Pick out and copy every line below that has the word "Light".
═══ Dataset extract ═══
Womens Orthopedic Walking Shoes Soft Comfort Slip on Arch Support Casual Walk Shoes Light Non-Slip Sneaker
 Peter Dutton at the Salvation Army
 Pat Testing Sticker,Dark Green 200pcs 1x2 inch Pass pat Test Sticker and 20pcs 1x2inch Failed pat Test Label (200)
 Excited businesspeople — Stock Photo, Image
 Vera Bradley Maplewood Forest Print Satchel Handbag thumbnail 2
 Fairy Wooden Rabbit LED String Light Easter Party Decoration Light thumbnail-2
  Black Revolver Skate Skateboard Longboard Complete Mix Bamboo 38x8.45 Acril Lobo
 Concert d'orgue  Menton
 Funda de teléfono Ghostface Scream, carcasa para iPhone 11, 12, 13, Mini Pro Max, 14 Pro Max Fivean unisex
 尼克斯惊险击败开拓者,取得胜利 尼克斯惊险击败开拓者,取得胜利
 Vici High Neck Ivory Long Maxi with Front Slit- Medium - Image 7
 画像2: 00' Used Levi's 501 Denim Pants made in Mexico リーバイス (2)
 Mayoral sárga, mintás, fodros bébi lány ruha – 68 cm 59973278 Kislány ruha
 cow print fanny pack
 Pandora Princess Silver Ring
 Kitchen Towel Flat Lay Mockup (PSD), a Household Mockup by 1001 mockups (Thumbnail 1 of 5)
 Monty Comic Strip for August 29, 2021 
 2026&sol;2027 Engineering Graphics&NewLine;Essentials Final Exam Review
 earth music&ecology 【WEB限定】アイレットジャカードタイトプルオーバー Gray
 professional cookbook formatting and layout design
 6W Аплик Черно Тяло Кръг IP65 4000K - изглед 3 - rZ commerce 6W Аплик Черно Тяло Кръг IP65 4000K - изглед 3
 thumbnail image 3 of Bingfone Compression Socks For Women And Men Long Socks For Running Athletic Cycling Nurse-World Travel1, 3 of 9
═══
Result of the exercise ▸
Womens Orthopedic Walking Shoes Soft Comfort Slip on Arch Support Casual Walk Shoes Light Non-Slip Sneaker
 Fairy Wooden Rabbit LED String Light Easter Party Decoration Light thumbnail-2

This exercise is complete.